Knowledge distillation: Knowledge distillation allows a compact student network to distill information (or dark knowledge) from a more accurate, but computationally-intensive, teacher network (or a group of teacher networks) by mimicking the prediction distribution, given the same data inputs. The idea was first introduced by Hinton et al. [hinton2015distilling]. Since then, knowledge distillation has been used to discover efficient networks. Romero et al. propose FitNets that distill knowledge from the teacher’s hint layers to teach compact students [fitnet]. Passalis et al
. enhance the knowledge distillation process by introducing a concept called feature space probability distribution loss[passalis2018learning]. Yim et al
. propose fast minimization techniques based on intermediate feature maps that can also support transfer learning[yim2017gift]. Yin et al. propose DeepInversion that inverts a CNN to reconstruct the dataset for data-free knowledge transfer [yin2019dreaming].
2.2 Dynamic Approaches
Although static approaches can yield compact architectures with significantly reduced computational cost, these approaches have two distinct disadvantages. First, static approaches permanently remove layers and neurons, thereby decreasing inference capability. Removing rarely activated neurons may be an effective strategy for the average case, but these same neurons may be critical for accurately classifying challenging input instances. Second, statically pruned models process all input instances equally, which may be computationally-inefficient. For example, images from unrelated classes, like
trucks and birds, have minimal feature overlap: birds do not have headlights and trucks do not have
wings. As a result, convolutional filters associated with truck features are likely unimportant
for predicting birds and vice versa. Furthermore, not all images are equally difficult to
classify. While difficult images may need deep network embeddings for accurate classification, many
images may only need shallow embeddings. Hence, the computations associated with deep embeddings are wasted on easy images.
Early prediction: To address the limitations mentioned above, recent work proposes the concept of conditional computation, where parts of a model are selectively executed depending on the input instance. Early prediction is one type of conditional computation [adaptivenn, dgate, branchy]. With this approach, predictive signals determine if a set of shallow embeddings is sufficient to correctly classify an input instance. If so, the instance is classified without receiving further processing from deeper layers. Although this approach is an intuitive solution for input-driven efficient inference, early prediction discards all embeddings subsequent to the prediction point.
Module selection: Other approaches address the above limitation and offer more selection flexibility. For example, BlockDrop, a reinforcement learning-based approach, can learn which arbitrary sets of residual blocks to drop in a ResNet architecture [blockdrop]. Leroux et al. design a ResNet-based network with parameter sharing and an adaptive computation time mechanism to reduce parameters and adaptively execute layers [iamnn]. Odena et al. propose adaptively constructing computation graphs from sub-modules using a reinforcement learning-based controller [odena]. Liu et al. propose a new type of DNN augmented with control modules to selectively execute subsets of the model with Q-learning [dynamicdnn].

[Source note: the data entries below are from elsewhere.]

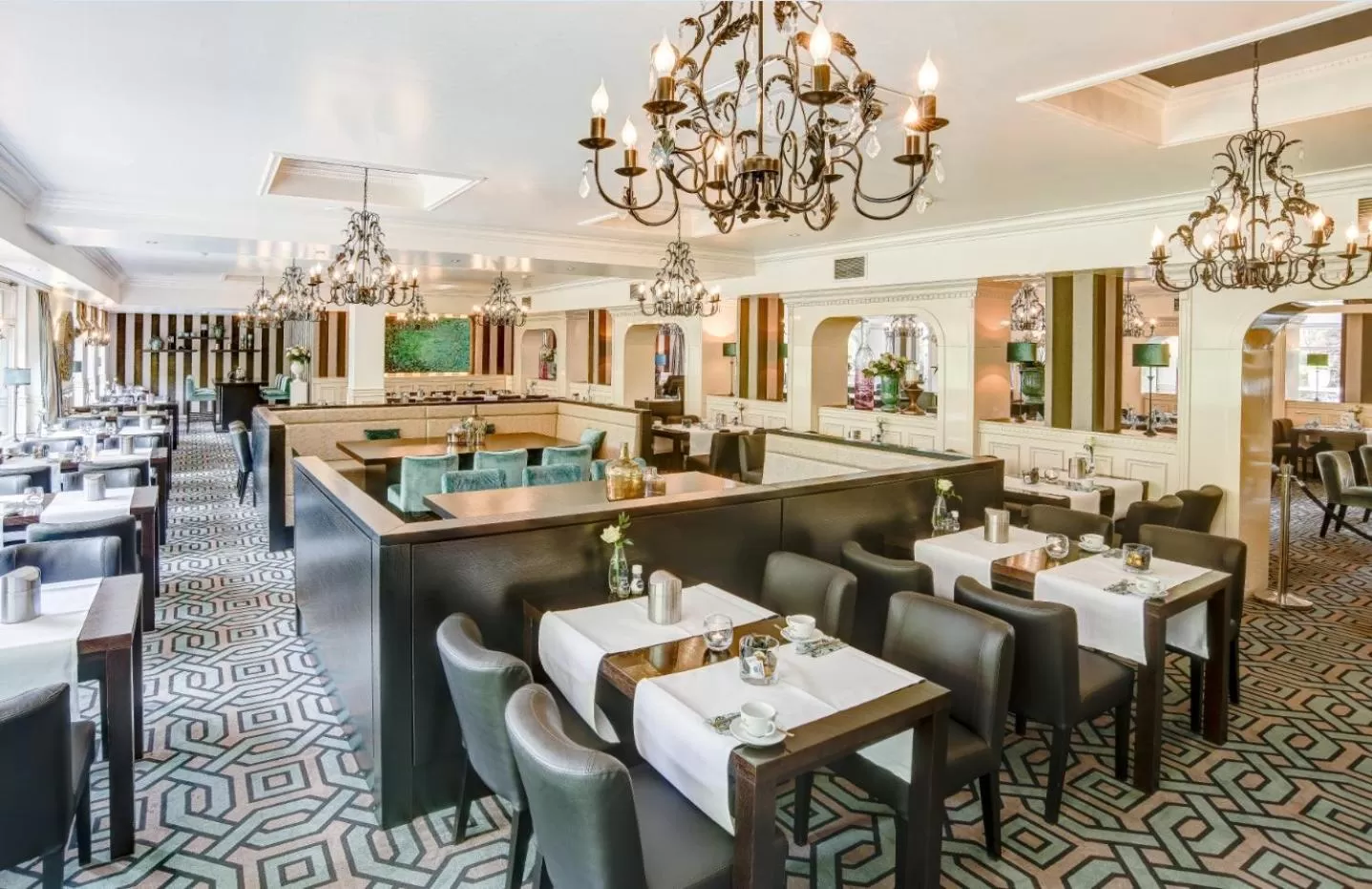 Restaurant/places to eat in Hotel Moers van der Valk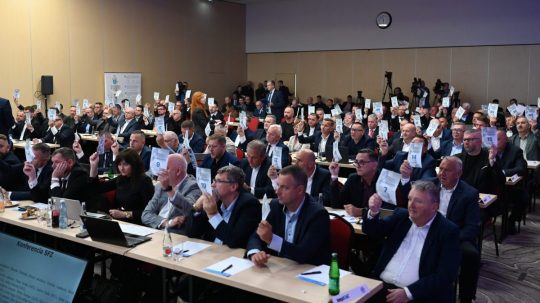KONFERENCIA SFZ hlasovanie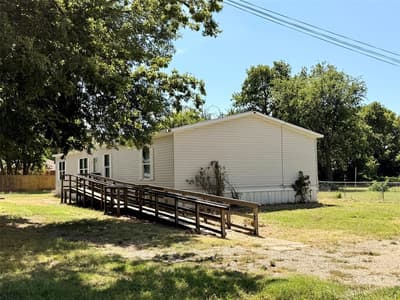 90 2nd Street, Honey Grove TX 75446 - Photo 3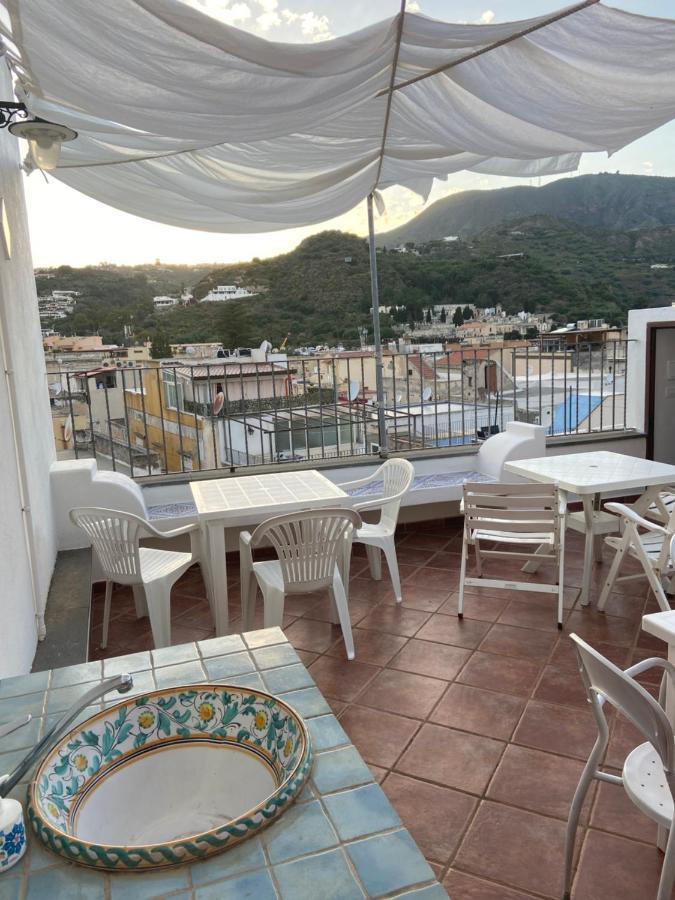 Casa Isabella Loc Turist Br Apartment ลีปารี ภายนอก รูปภาพ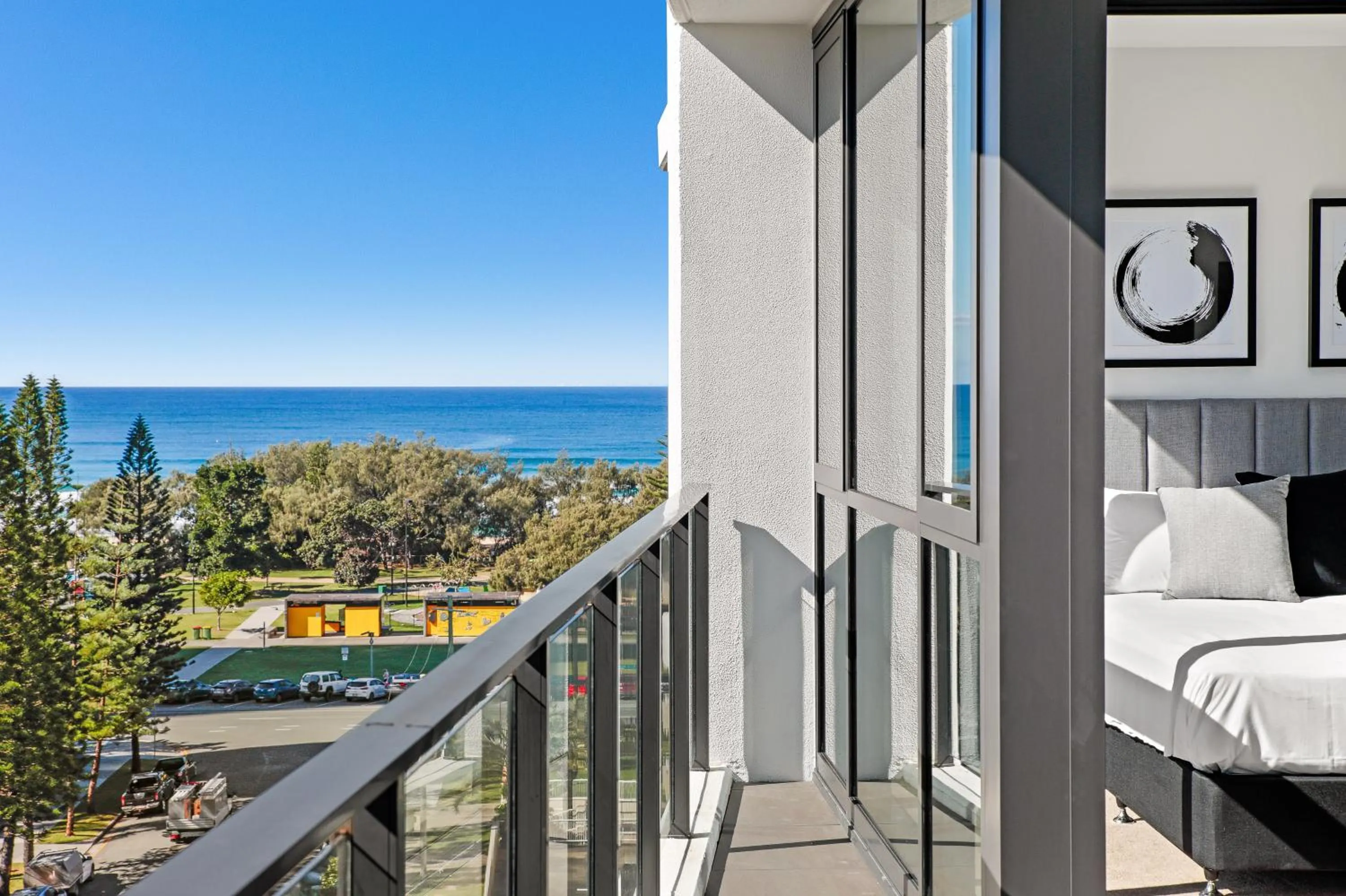 Balcony/Terrace, Bed in Koko Broadbeach - Official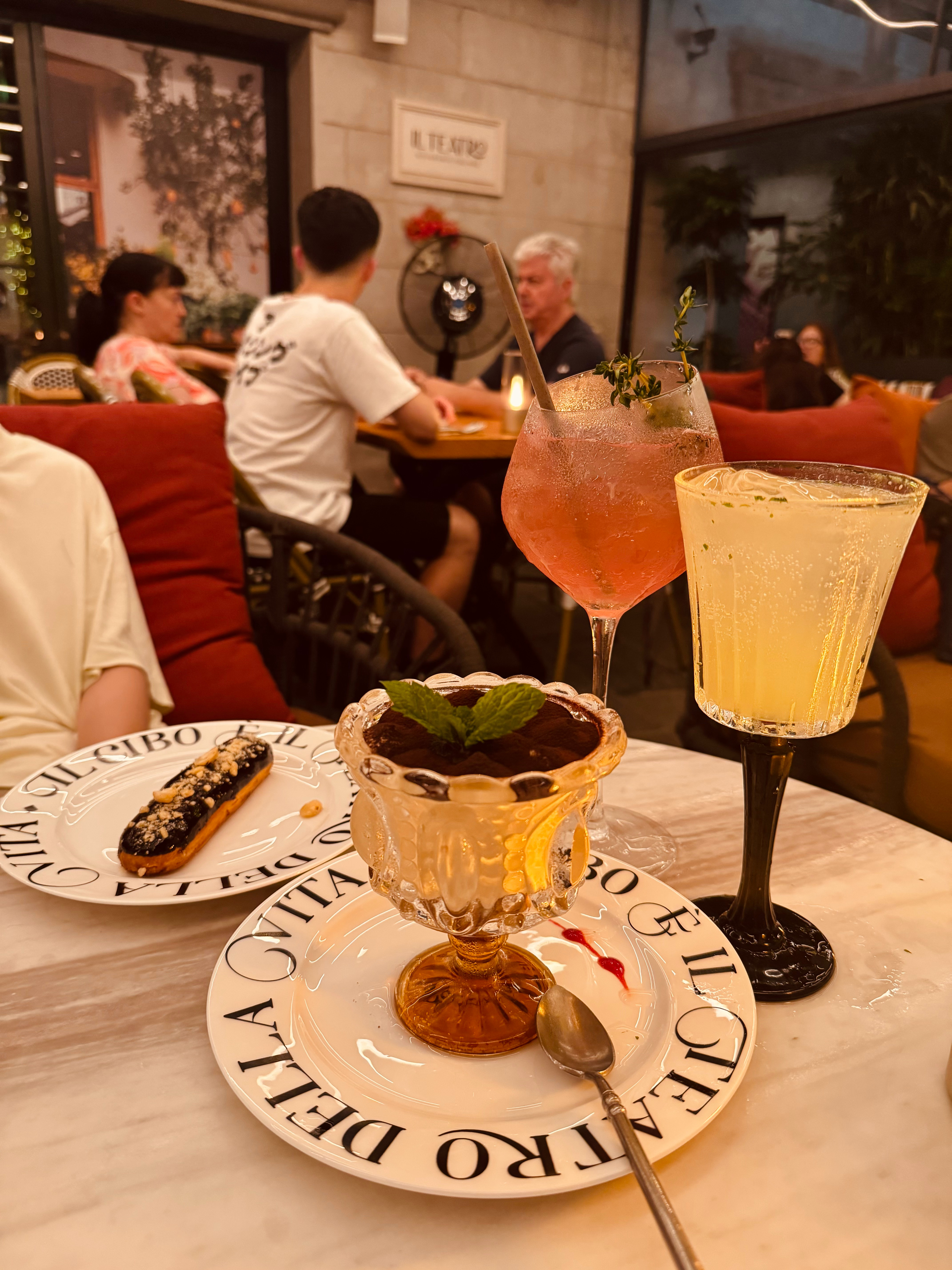 阵雨，闷热，有蚊子。 上海·上海新天地北里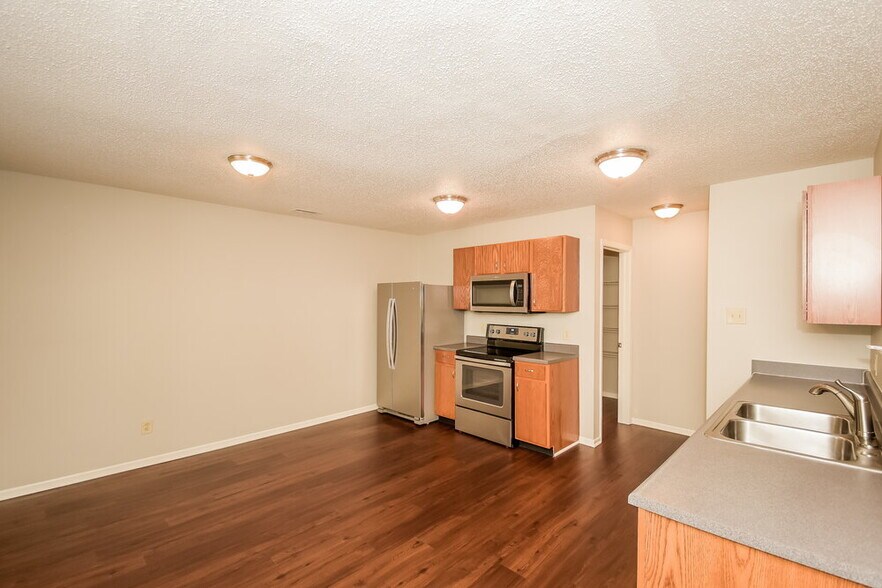 Building Photo - 941 Ravine Dr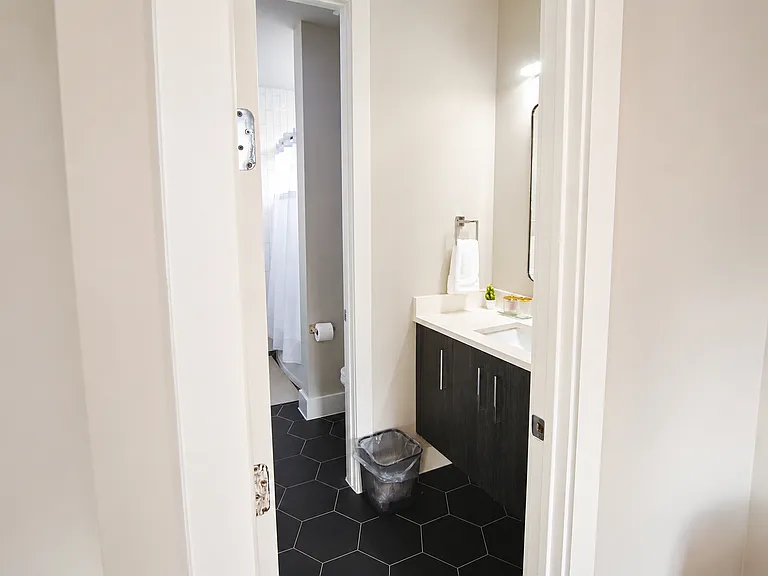 2230 Wycliff Ave #MAIN — Photo 18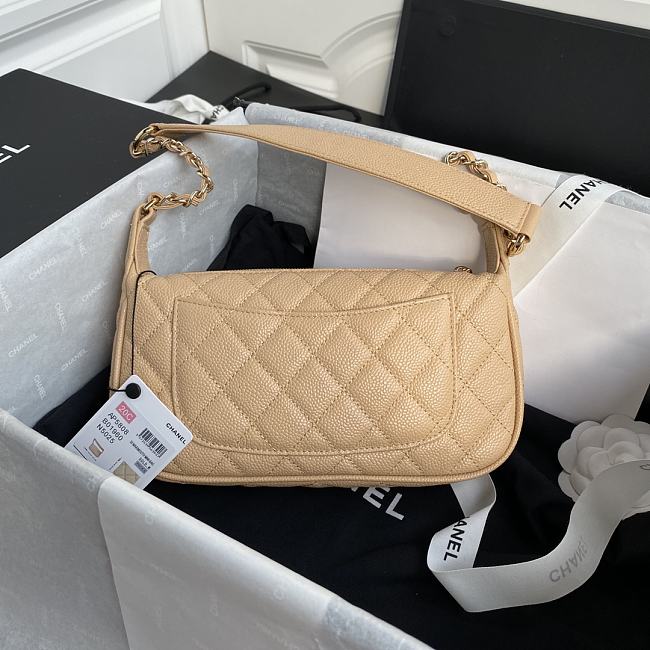 Ch**el grained leather hobo bag beige b01960 25 x 14 x 5 cm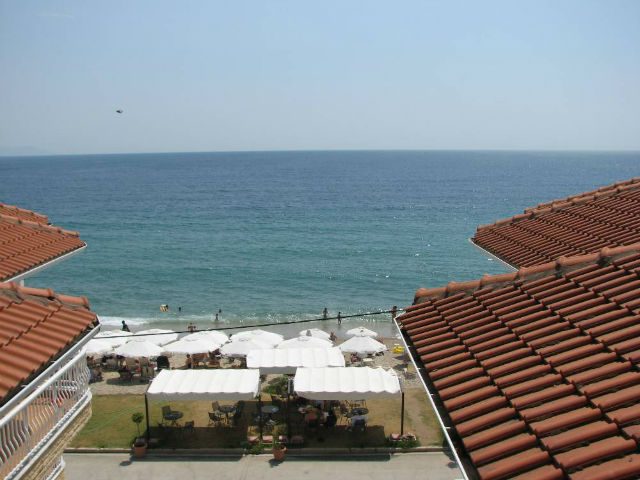 nea-vrasna-apart-hotel-afroditi-pogled na plazu iz vile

Despite their additional flexibility over early prediction methods, these approaches have limited dynamics that are restricted to modules. In addition, they typically use computationally-intensive reinforcement learning to derive a control policy, due to the non-differentiable nature of the on/off decisions for each module. A more suitable approach for achieving dynamic selection may increase the flexibility and granularity of dynamic paths rather than be limited to pre-defined modules. Also, training the decision controller jointly with the backbone model in an end-to-end fashion may be favorable.
Channel pruning: Recent work in channel selection allows greater flexibility for conditional computation. For example, Gao et al. achieve channel-wise selective computation with a feature boosting and suppression mechanism to predictively evaluate feature map salience and skip unimportant channels at run time [FBS]. However, this method halts the network during the salient channel selection process and introduces overhead. Also, it utilizes a -winners-take-all function to preserve the top salient channels. It may be difficult to determine the optimal for each convolutional layer a priori.
Feature and layer importance in CNNs varies depending on the input instance. This input-dependence can be exploited in designing efficient networks for energy- and computation-constrained scenarios,
since irrelevant feature maps can, in principle, be ignored without sacrificing accuracy.
We propose a methodology with hierarchical dynamics to achieve on-the-fly selective execution of CNNs for efficient inference. At a coarse-grain level, only salient layers for image discrimination are retained at inference time, while other layers are skipped. At a finer-grain level, only salient feature maps/channels associated with retained layers are preserved. This multi-level approach imposes layer-wise and channel-wise sparsity, which significantly reduces computational cost while preserving high classification accuracy.
We primarily focus our attention on constructing a dynamic building block that can adapt its future computation graph based on its input. The block-based approach makes the method readily applicable across various network topologies, given the widespread usage of blocks in networks such as ResNets [he2016deep], Inceptions [inception], MobileNets [mobilenet], ShuffleNets [shufflenet], and EfficientNets [efficientnet].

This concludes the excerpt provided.